Session 1: Introduction to Computing Clusters and Bioinformatics

Topics Covered

  • Introduction to Available Computing Clusters
  • Cluster How-Tos: Connect, Transfer Files/Share Data
  • Basic Linux/UNIX commands (e.g. bash scripts, submitting and monitoring jobs)
  • Common bioinformatics formats and tools (e.g. FASTQ, BAM, VCF, BED, and GFF; samtools, bcftools, bedtools, and maftools)

Practical

  • Connect to Biowulf by SSH
  • Basic linux commands
  • Submit interactive jobs
  • Samtools: Read BAM file, get all aligned reads, index, stats
  • Bedtools: merge/intersect
  • Visualize results on UCSC

In this first session we will introduce the basics of working with Biowulf and CCAD including connecting to, working with, and transferring files from both clusters.

Both Biowulf and the CCAD cluster are accessed remotely via the linux command line, therefore some command line knowledge is necessary to work with either.
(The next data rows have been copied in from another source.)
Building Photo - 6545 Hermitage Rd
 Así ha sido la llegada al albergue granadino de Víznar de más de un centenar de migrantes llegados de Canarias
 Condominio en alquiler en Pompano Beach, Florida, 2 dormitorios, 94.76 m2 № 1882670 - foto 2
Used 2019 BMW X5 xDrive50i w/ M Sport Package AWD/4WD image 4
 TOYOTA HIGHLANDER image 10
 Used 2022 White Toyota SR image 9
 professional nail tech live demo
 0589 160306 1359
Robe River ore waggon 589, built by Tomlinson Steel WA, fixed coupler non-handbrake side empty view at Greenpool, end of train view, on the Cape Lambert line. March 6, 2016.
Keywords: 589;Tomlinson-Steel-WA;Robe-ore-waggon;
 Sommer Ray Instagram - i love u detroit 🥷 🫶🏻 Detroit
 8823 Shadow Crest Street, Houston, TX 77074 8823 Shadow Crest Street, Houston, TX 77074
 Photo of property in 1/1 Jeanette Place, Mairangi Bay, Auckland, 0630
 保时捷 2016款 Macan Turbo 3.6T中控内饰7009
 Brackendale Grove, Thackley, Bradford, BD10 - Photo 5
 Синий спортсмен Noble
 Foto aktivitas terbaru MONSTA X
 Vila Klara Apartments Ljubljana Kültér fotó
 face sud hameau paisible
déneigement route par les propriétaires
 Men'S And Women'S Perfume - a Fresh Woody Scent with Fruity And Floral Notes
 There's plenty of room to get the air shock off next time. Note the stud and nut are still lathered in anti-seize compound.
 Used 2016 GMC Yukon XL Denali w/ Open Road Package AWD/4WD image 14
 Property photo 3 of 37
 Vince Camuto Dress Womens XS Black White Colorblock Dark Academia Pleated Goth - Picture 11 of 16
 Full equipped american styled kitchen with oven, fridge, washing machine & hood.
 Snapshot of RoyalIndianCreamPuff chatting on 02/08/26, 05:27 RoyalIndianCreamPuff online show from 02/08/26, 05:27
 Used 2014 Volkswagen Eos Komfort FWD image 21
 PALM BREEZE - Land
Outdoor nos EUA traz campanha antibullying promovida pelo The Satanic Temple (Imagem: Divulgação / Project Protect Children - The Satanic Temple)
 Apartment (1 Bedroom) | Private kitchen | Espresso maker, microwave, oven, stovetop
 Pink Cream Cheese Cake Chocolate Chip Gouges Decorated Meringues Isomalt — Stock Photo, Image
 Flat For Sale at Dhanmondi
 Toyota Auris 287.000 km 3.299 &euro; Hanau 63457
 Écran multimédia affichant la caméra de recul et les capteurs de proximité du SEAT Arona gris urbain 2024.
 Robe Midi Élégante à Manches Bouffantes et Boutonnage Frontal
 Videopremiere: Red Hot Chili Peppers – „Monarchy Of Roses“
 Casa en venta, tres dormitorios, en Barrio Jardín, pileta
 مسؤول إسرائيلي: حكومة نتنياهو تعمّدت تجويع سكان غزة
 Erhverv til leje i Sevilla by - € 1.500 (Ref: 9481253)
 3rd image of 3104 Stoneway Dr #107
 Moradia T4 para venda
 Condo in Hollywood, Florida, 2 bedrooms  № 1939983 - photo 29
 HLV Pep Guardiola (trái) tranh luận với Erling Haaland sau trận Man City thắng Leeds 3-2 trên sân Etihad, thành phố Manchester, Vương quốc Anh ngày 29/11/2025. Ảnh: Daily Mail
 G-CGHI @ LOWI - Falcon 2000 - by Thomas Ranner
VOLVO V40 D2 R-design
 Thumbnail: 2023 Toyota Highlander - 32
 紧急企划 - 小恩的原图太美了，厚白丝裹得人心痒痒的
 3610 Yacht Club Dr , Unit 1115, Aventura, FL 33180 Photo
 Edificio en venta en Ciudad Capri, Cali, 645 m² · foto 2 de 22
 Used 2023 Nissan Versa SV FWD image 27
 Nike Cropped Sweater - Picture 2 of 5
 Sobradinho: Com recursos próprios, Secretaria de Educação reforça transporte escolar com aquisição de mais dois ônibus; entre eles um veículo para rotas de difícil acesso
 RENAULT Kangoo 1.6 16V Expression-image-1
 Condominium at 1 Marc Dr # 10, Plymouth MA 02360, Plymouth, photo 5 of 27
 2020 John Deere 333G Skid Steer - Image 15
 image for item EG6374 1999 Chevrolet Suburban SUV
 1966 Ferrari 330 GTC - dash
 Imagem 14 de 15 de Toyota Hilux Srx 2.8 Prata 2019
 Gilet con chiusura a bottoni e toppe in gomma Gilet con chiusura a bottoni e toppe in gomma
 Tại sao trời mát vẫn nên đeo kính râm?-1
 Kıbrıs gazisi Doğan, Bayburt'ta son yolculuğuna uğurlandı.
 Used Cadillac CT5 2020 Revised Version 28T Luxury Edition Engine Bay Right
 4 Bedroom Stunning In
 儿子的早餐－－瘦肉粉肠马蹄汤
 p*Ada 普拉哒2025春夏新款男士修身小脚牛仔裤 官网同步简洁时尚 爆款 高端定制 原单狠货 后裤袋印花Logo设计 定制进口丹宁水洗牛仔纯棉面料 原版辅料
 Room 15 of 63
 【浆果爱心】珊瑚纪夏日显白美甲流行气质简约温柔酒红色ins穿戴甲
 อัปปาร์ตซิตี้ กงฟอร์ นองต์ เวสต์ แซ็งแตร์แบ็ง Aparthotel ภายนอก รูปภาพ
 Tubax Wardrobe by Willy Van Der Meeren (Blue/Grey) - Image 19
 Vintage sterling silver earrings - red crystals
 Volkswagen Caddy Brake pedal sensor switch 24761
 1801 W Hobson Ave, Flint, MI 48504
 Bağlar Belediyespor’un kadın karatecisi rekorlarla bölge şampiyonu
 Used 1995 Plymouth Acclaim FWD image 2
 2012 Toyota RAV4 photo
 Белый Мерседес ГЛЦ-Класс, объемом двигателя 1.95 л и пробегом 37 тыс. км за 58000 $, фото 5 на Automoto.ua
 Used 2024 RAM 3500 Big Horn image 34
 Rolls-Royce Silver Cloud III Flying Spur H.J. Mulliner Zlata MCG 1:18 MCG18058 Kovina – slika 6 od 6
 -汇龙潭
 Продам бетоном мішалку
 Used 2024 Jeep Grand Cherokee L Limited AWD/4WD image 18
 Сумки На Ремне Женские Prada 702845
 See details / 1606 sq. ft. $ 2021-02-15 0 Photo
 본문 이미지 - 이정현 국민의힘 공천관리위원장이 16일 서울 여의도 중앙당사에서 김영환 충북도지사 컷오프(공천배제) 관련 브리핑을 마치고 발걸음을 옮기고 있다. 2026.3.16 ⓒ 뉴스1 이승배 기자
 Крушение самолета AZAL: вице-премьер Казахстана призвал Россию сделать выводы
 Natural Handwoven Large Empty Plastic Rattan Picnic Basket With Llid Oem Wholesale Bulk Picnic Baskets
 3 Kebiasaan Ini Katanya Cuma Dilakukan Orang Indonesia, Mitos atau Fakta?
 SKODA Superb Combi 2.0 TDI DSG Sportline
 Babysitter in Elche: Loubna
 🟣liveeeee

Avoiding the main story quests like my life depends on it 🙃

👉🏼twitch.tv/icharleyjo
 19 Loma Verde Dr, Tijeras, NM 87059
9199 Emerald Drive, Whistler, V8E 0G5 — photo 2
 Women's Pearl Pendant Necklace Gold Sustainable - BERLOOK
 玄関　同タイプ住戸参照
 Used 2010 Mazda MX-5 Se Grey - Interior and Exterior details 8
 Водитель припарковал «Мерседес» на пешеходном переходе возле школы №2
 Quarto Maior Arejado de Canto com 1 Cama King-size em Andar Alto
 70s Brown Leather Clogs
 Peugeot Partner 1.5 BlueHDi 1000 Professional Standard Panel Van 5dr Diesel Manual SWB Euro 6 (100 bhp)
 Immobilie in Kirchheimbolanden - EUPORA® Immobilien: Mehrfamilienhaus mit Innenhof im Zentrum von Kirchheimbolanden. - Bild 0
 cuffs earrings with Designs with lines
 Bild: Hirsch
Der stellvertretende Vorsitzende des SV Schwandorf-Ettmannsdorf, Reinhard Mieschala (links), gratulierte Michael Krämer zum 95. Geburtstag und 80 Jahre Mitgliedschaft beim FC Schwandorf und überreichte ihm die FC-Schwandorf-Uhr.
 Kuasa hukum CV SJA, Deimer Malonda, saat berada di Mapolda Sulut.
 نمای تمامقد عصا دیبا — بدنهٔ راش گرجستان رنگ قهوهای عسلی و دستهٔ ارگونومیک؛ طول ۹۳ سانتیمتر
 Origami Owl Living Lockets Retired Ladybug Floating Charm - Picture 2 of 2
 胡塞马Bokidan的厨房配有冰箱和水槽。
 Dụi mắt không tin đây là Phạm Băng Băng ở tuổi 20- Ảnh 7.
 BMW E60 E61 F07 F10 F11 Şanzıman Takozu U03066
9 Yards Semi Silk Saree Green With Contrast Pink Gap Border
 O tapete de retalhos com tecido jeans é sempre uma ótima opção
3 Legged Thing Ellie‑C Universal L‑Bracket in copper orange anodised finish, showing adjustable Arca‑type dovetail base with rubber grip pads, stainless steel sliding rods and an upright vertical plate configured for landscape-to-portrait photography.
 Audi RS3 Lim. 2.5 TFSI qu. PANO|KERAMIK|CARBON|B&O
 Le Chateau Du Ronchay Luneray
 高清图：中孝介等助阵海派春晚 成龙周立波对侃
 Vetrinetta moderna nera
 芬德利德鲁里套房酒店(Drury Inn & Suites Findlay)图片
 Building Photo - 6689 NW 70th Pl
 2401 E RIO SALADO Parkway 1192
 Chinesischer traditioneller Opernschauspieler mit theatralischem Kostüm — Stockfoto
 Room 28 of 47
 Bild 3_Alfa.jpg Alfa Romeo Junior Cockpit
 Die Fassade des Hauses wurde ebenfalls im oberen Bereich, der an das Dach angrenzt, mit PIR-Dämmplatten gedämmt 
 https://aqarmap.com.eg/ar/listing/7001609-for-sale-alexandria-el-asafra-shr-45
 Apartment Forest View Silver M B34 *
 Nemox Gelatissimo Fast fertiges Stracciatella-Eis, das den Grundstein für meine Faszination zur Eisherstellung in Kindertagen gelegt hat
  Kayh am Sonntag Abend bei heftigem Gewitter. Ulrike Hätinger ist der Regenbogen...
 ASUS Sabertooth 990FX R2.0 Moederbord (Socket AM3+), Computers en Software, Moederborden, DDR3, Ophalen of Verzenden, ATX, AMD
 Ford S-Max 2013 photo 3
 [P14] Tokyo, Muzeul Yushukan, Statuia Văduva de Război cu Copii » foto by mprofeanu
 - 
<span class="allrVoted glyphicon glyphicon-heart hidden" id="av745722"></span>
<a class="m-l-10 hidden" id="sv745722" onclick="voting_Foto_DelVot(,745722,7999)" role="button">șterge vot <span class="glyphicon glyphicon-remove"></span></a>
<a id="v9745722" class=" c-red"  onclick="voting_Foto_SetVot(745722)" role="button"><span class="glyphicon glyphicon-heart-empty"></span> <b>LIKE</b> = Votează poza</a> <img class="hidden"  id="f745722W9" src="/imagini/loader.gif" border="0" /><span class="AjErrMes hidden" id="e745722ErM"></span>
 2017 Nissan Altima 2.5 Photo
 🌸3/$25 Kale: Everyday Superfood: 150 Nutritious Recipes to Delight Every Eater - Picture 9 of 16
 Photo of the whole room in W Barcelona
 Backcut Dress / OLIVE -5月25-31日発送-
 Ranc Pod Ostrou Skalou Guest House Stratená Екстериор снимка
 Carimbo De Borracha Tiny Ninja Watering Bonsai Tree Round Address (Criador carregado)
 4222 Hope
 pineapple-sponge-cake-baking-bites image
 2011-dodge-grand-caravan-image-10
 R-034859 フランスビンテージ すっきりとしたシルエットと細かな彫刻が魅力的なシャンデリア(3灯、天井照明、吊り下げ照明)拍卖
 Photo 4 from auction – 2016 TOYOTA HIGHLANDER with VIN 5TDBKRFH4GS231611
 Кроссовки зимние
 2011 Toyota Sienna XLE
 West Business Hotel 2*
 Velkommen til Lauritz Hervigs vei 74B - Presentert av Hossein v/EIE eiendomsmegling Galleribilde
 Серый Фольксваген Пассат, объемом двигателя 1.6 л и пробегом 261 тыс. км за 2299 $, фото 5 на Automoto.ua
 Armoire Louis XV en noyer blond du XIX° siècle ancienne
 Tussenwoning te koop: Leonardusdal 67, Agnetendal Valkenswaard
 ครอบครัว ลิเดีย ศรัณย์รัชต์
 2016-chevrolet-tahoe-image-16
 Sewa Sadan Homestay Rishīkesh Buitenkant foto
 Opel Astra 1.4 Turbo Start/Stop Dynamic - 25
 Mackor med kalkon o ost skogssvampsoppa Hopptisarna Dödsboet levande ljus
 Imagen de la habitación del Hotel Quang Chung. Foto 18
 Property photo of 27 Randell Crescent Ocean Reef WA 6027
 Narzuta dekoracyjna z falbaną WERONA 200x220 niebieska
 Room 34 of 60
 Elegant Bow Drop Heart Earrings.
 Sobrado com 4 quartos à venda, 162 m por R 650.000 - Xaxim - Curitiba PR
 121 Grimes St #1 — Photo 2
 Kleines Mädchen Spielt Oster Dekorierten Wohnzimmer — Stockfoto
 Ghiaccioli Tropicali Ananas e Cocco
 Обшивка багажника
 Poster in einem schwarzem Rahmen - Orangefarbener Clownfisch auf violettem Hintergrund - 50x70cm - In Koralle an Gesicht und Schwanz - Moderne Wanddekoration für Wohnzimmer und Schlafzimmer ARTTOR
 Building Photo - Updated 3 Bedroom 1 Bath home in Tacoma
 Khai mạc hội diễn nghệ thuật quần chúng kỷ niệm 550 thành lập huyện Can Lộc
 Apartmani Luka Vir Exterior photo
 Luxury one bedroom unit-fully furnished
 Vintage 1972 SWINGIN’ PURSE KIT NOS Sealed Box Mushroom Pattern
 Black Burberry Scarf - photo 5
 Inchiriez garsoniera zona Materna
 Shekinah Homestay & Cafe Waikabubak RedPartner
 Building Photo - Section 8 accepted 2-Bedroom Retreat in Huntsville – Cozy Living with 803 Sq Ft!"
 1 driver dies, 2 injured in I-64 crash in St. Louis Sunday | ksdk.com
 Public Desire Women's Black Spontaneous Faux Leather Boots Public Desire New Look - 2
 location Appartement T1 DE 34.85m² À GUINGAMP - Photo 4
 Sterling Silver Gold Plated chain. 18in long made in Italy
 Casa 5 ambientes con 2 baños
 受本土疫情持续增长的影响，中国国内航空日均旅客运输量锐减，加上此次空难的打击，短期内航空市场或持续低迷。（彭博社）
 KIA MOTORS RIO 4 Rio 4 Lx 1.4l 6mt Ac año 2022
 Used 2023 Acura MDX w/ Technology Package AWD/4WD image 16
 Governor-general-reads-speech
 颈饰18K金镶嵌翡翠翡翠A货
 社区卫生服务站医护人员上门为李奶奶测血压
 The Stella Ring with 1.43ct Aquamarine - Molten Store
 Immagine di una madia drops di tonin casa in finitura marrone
We will cover the basics of linux and shell scripting in the lecture and provide resources for further education. Finally, we will provide an overview of the most common file formats for storing bioinformatics data as well as the tools for working with them.

In the practical section we will practice connecting to Biowulf and the basics of using the linux command line. We will also work with fastq, bam, and bed files to perform some common tasks including subsetting unaligned and aligned sequencing reads, and intersecting and visualizing bed files.